A full-length 14-3-3 tau construct containing an NH₂-terminal Flag tag was engineered by RT-PCR from mRNA of MCF-7 cells using the Advantage cDNA PCR kit (CLONETECH Laboratories, Inc.). A first set of 14-3-3-specific primers was used (5′-GCGGCCGCGGAGACGTGAAC-3′ and 5′-AAGGATGACACCCTGTATGG-3′) followed by a second round of PCR with (5′-ATGCGGCCGCACCATGGACTACAAGGATGACGATGACAAGATGGAGAAGACTGAGCTG-3′ and 5′-ATCTCGAGTTAGTTTTCAGCCCCTTCTGC-3′) to add the Flag tag and the appropriate restriction sites NotI and XhoI at respective ends needed for subsequent cloning into the expression vector pcDNA3 (Invitrogen). The resulting construct was verified by sequencing and was called 14-3-3–Flag. It contained the complete coding sequence of human 14-3-3 tau available from GenBank/EMBL/DDBJ under accession no. X56468 with an NH₂-terminal extension of a Flag tag. MCF-7 cells were transfected with 14-3-3–Flag using the transfection reagent fugene (Roche Diagnostics AG), and clones were selected for by the addition of G418 (Life Technologies). The resistant cell clones were tested for the production of the 14-3-3–Flag protein on Western blots of cell extracts using anti-Flag (M2; Stratagene), a peroxidase-labeled anti–mouse IgG (Cappel/ICN), and the ECL reagent (Amersham Biosciences) for chemiluminescent detection of the reactive bands. Endogenous synthesis of 14-3-3 tau was detected on the same blot using anti–14-3-3 theta/tau (Research Diagnostics Inc.). The Flag-tagged 14-3-3 migrates slightly slower than the endogenous protein due to the presence of the tag.

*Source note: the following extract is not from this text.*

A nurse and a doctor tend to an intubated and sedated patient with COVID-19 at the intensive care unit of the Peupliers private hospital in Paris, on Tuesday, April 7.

HT1080 and T98G cells were each plated on fibronectin and tenascin-C–coated plates. 1 d later, they were transiently transfected with the 14-3-3–Flag construct using the transfection reagent fugene. On the next day, cells were fixed and stained with anti-Flag and phalloidin as described above for the MCF-7 cells.

We thank Wentao Huang for his expert help with the ³H-thymidine incorporation assays.